SNU has never coordinated an H2020 project, consistently joining as a participant or third-party partner. This is typical for non-EU organizations — they contribute specialized research but leave project leadership to European partners. With 71 unique partners across 20 countries from just 6 projects, they integrate well into large, diverse consortia rather than working in tight bilateral arrangements.
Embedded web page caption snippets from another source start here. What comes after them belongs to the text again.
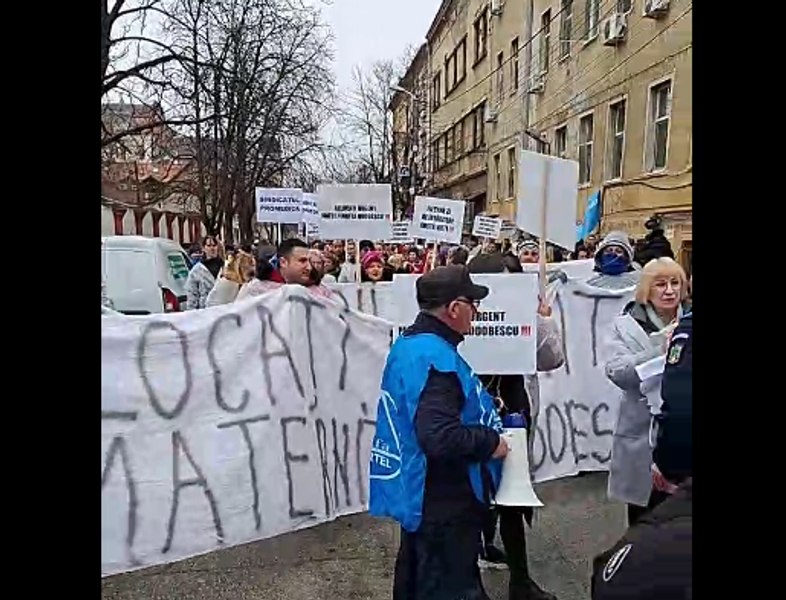 Medici, asistente și mame au protestat în stradă, după ce Timișoara a rămas cu o singură maternitate de stat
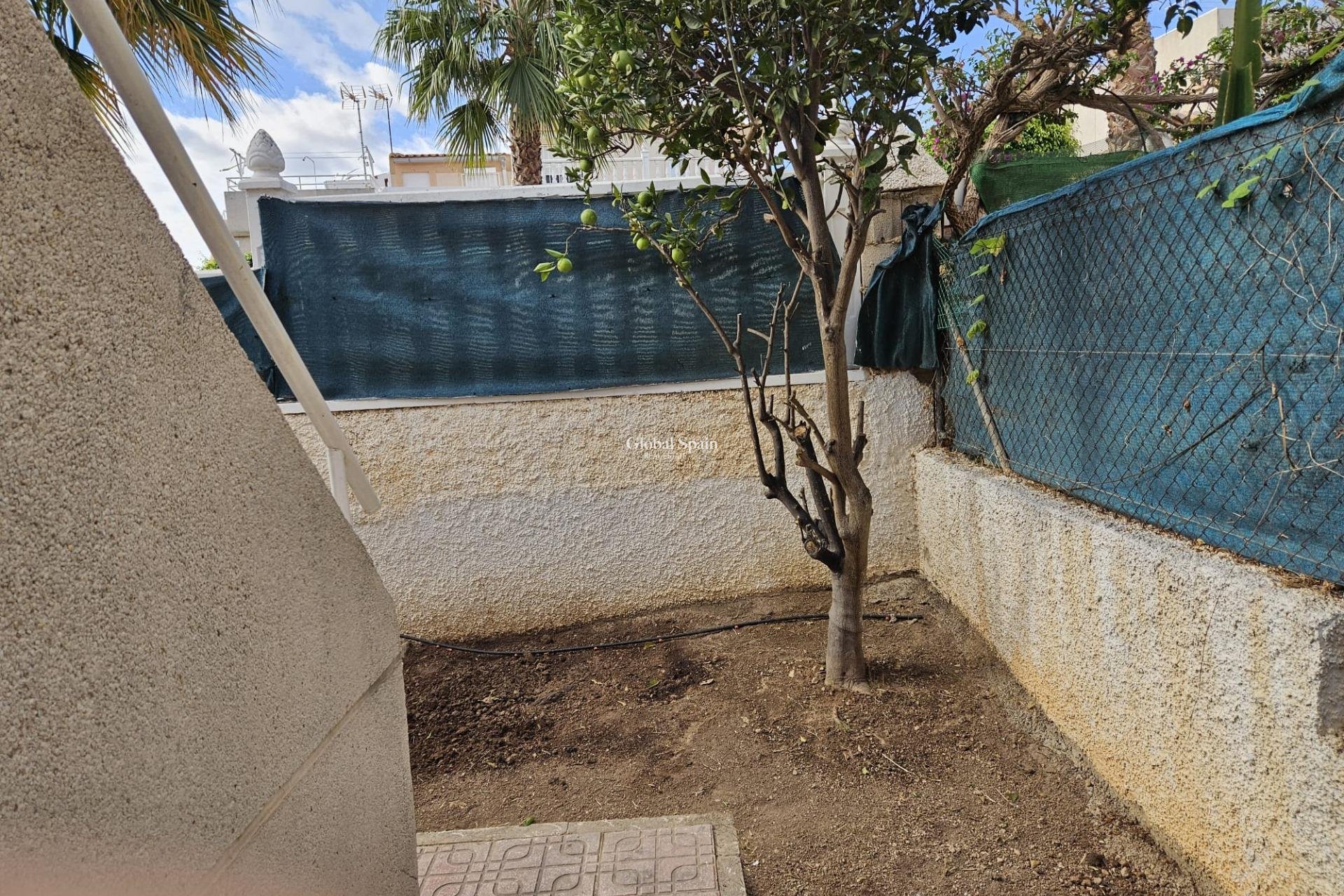 Wiederverkauf - HAUS -
TORREVIEJA - LOS BALCONES - LOS ALTOS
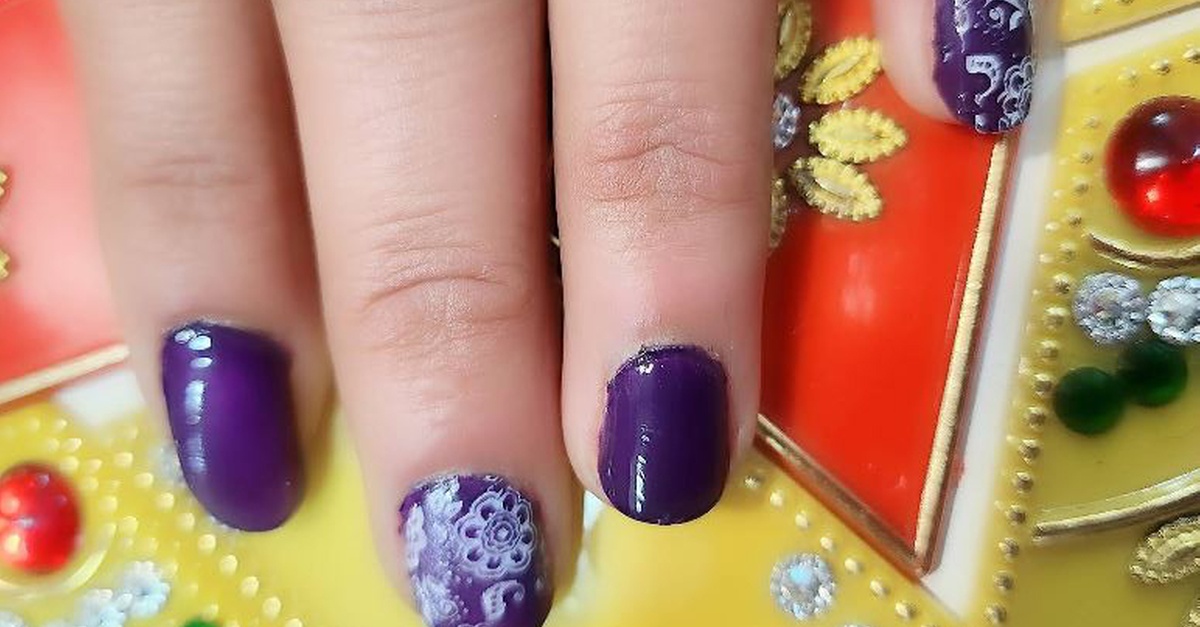 Manicura y pedicura semipermanente en Madrid, junto a Puerta del Sol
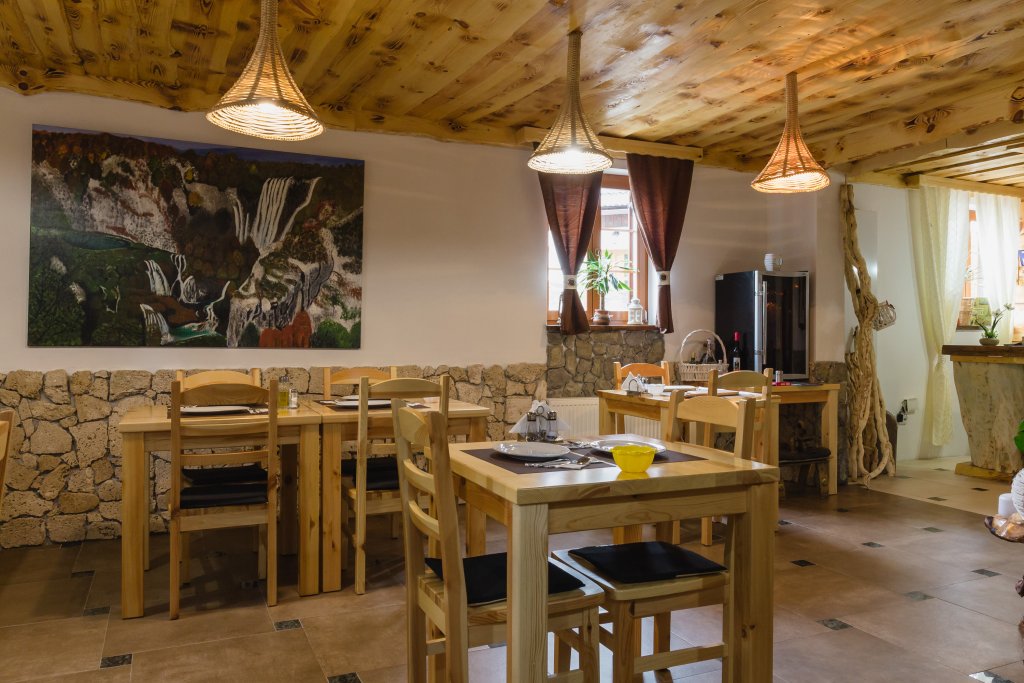 Rustic Lodge Plitvice,Lika-Senj>>Jezerce,4 star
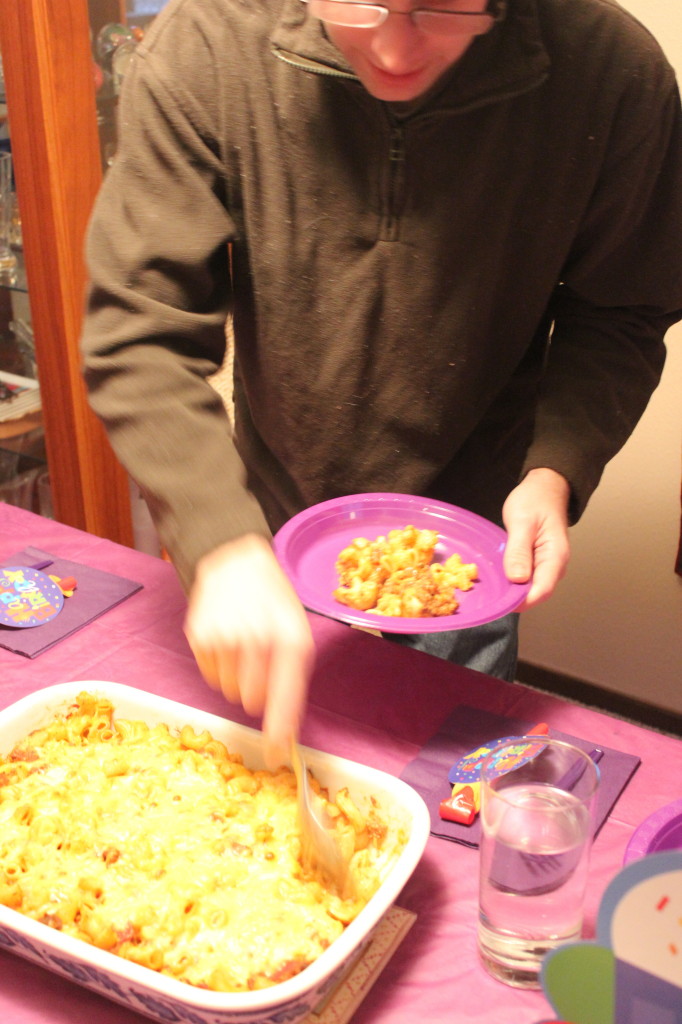 Beefy Macaroni and Cheese Casserole 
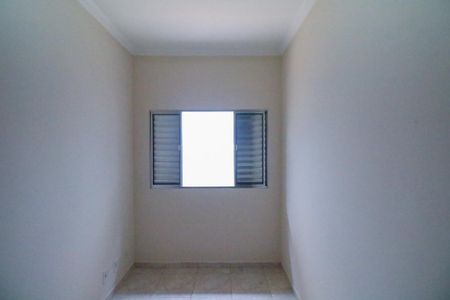 Casa à venda com 250m², 3 quartos e 3 vagas Casa à venda com 250m², 3 quartos e 3 vagasSuíte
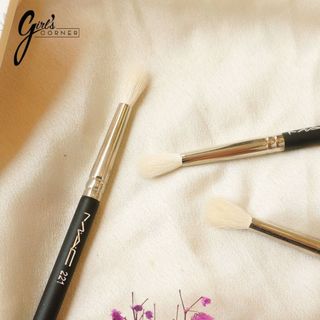 Cọ blend dáng nhỏ M 221 Mini Tapered Blending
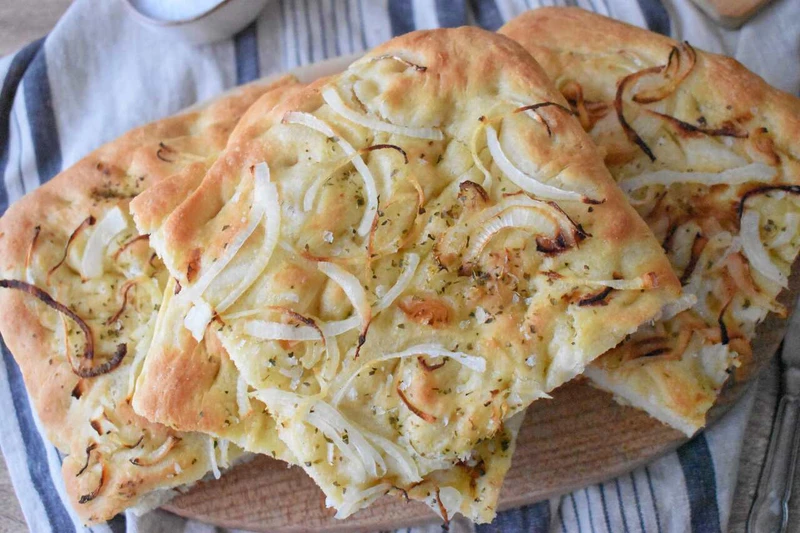 Włoska focaccia z cebulą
Despite only 6 projects, SNU has built a remarkably wide network of 71 partners across 20 countries — averaging nearly 12 partners per project. This reflects participation in large-scale Research and Innovation Actions with broad European consortia.

Why partner with them

What sets them apart

As South Korea's top-ranked university, SNU brings world-class materials science and engineering capabilities that are difficult to replicate within Europe alone. Their position as a non-EU partner means they offer genuine international reach for consortia seeking global dimension. For coordinators building proposals, SNU provides credible Asian-Pacific coverage with proven ability to deliver within EU project frameworks.

Notable projects

Highlights from their portfolio

  • NANOZ-ONIC
    SNU's only directly funded project (EUR 492,545), combining biosensors with carbon nanotubes for an electronic nose — a unique intersection of biology and nanotechnology.
  • TADFlife
    An ERC-linked project on next-generation OLED materials using TADF, positioning SNU in a high-impact area of organic electronics research.
  • ADAM^2
    Their most recent project (2020–2023), focused on additive manufacturing and microstructure analysis, signaling SNU's current strategic direction.
Cross-sector capabilities
Digital (wireless systems, IoT)Health (biosensors, aging technologies)Energy (geothermal systems)Manufacturing (additive manufacturing, materials processing)
Analysis note: Limited H2020 footprint (6 projects, only 1 with recorded EC funding). SNU is a major global research university, but their EU project portfolio is too small and scattered to draw strong conclusions about specialization. Most keyword data comes from only the 2 most recent projects. The breadth across unrelated sectors suggests opportunistic participation rather than a focused EU strategy.